## Stored data
- Opening Delimiter -
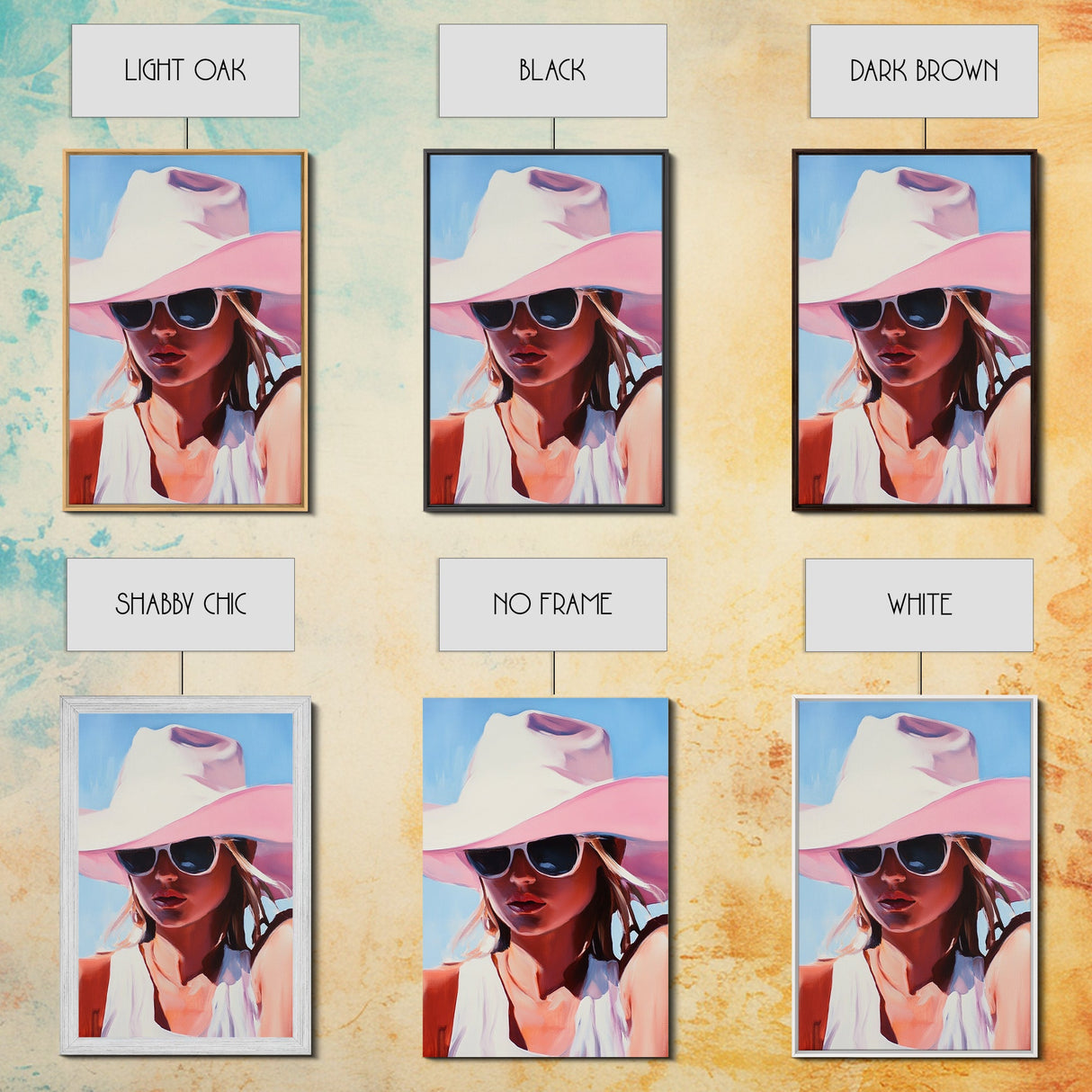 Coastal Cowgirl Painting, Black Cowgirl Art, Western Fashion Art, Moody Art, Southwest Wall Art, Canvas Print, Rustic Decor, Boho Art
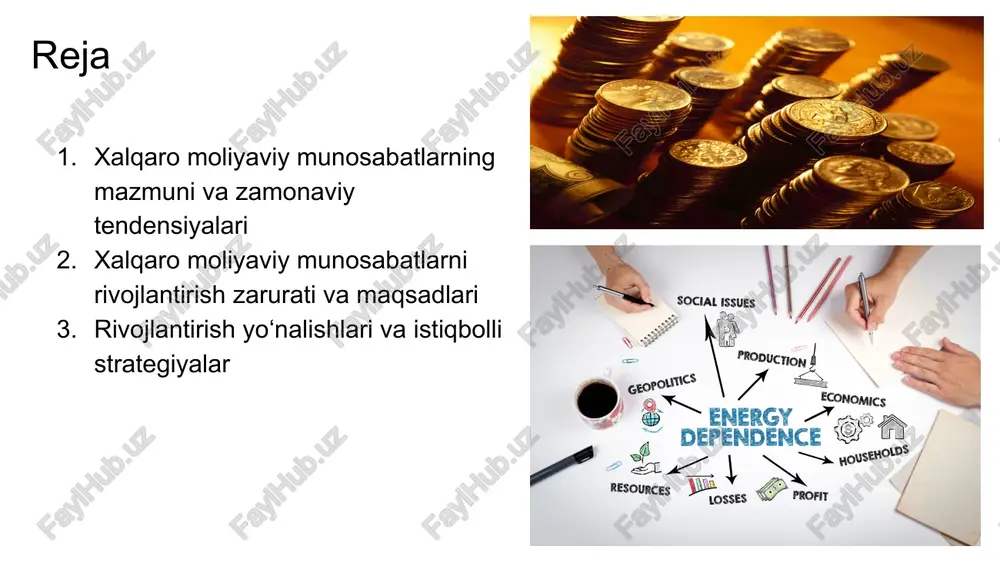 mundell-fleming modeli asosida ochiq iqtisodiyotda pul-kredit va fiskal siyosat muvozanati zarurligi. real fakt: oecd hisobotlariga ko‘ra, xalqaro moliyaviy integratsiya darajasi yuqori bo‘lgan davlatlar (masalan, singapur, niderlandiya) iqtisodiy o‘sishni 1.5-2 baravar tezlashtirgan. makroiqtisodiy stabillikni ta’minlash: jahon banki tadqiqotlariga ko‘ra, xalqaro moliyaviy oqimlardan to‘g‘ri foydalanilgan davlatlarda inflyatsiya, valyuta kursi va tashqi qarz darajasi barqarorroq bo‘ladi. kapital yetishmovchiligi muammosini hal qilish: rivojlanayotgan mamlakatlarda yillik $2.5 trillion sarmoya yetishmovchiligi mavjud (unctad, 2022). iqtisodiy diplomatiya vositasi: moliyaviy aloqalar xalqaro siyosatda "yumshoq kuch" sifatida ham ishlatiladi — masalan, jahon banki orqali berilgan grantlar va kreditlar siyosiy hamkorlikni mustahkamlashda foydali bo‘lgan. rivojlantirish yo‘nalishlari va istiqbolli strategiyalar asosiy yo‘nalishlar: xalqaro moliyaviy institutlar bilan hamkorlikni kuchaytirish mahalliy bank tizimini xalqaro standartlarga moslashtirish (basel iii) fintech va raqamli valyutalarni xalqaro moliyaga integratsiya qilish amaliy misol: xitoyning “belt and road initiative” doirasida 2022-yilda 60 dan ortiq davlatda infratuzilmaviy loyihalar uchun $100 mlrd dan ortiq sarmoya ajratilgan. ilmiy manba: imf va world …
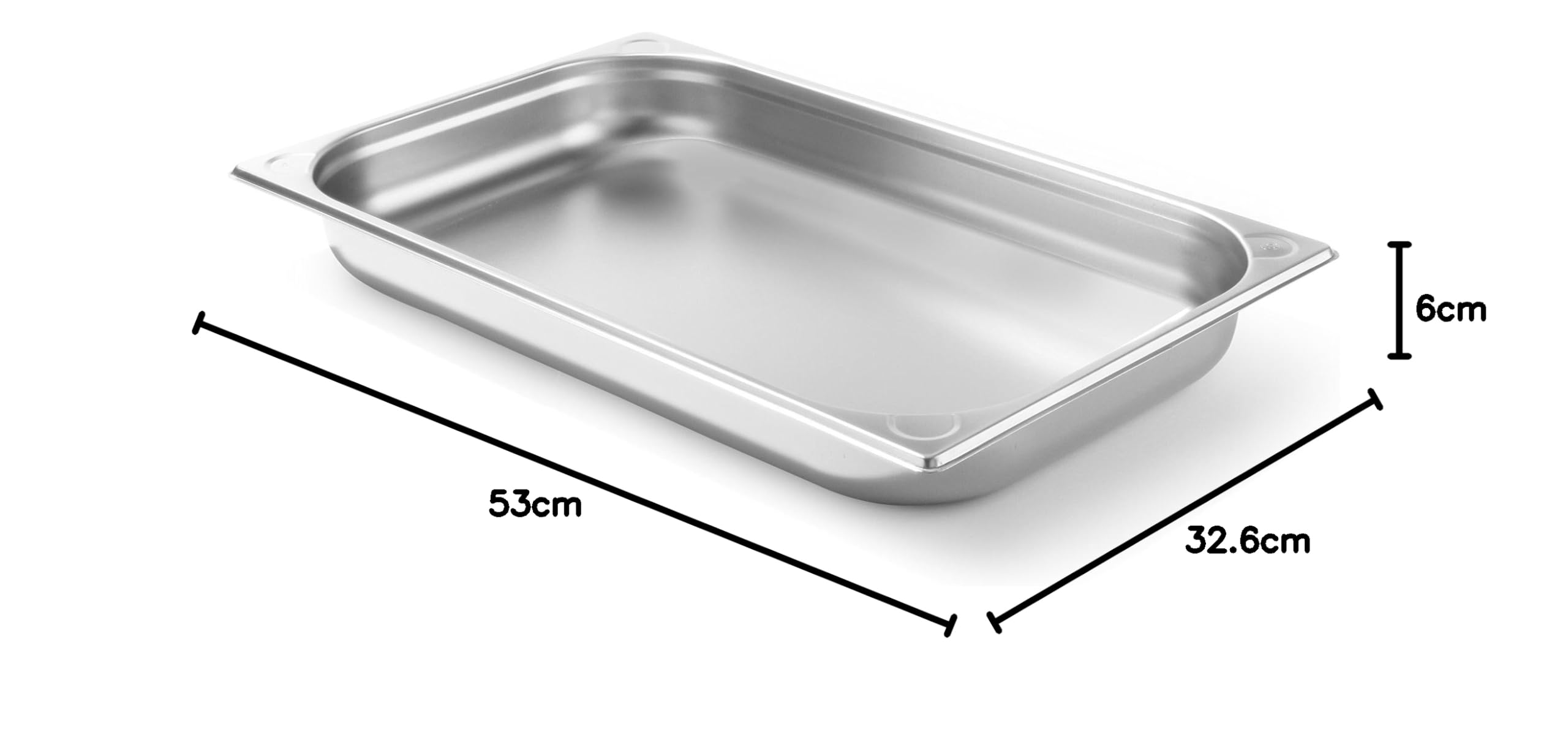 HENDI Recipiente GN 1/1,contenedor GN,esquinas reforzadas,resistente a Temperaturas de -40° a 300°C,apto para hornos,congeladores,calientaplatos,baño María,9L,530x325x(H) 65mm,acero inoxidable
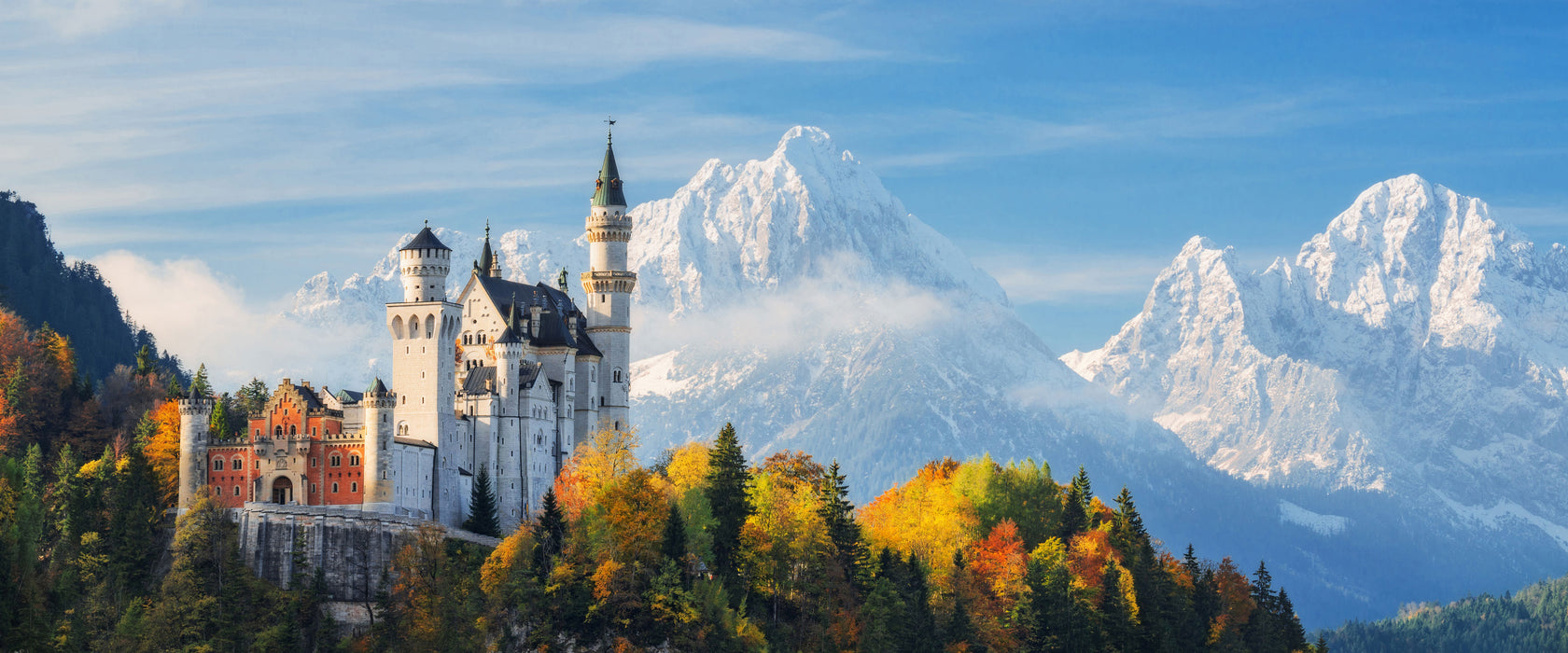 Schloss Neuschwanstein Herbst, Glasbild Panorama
- Closing Delimiter -
## Problem to work on
Repeat each line above exactly as it reads, omitting any pictures.

## Exercise solution
 Coastal Cowgirl Painting, Black Cowgirl Art, Western Fashion Art, Moody Art, Southwest Wall Art, Canvas Print, Rustic Decor, Boho Art
 mundell-fleming modeli asosida ochiq iqtisodiyotda pul-kredit va fiskal siyosat muvozanati zarurligi. real fakt: oecd hisobotlariga ko‘ra, xalqaro moliyaviy integratsiya darajasi yuqori bo‘lgan davlatlar (masalan, singapur, niderlandiya) iqtisodiy o‘sishni 1.5-2 baravar tezlashtirgan. makroiqtisodiy stabillikni ta’minlash: jahon banki tadqiqotlariga ko‘ra, xalqaro moliyaviy oqimlardan to‘g‘ri foydalanilgan davlatlarda inflyatsiya, valyuta kursi va tashqi qarz darajasi barqarorroq bo‘ladi. kapital yetishmovchiligi muammosini hal qilish: rivojlanayotgan mamlakatlarda yillik $2.5 trillion sarmoya yetishmovchiligi mavjud (unctad, 2022). iqtisodiy diplomatiya vositasi: moliyaviy aloqalar xalqaro siyosatda "yumshoq kuch" sifatida ham ishlatiladi — masalan, jahon banki orqali berilgan grantlar va kreditlar siyosiy hamkorlikni mustahkamlashda foydali bo‘lgan. rivojlantirish yo‘nalishlari va istiqbolli strategiyalar asosiy yo‘nalishlar: xalqaro moliyaviy institutlar bilan hamkorlikni kuchaytirish mahalliy bank tizimini xalqaro standartlarga moslashtirish (basel iii) fintech va raqamli valyutalarni xalqaro moliyaga integratsiya qilish amaliy misol: xitoyning “belt and road initiative” doirasida 2022-yilda 60 dan ortiq davlatda infratuzilmaviy loyihalar uchun $100 mlrd dan ortiq sarmoya ajratilgan. ilmiy manba: imf va world …
 HENDI Recipiente GN 1/1,contenedor GN,esquinas reforzadas,resistente a Temperaturas de -40° a 300°C,apto para hornos,congeladores,calientaplatos,baño María,9L,530x325x(H) 65mm,acero inoxidable
 Schloss Neuschwanstein Herbst, Glasbild Panorama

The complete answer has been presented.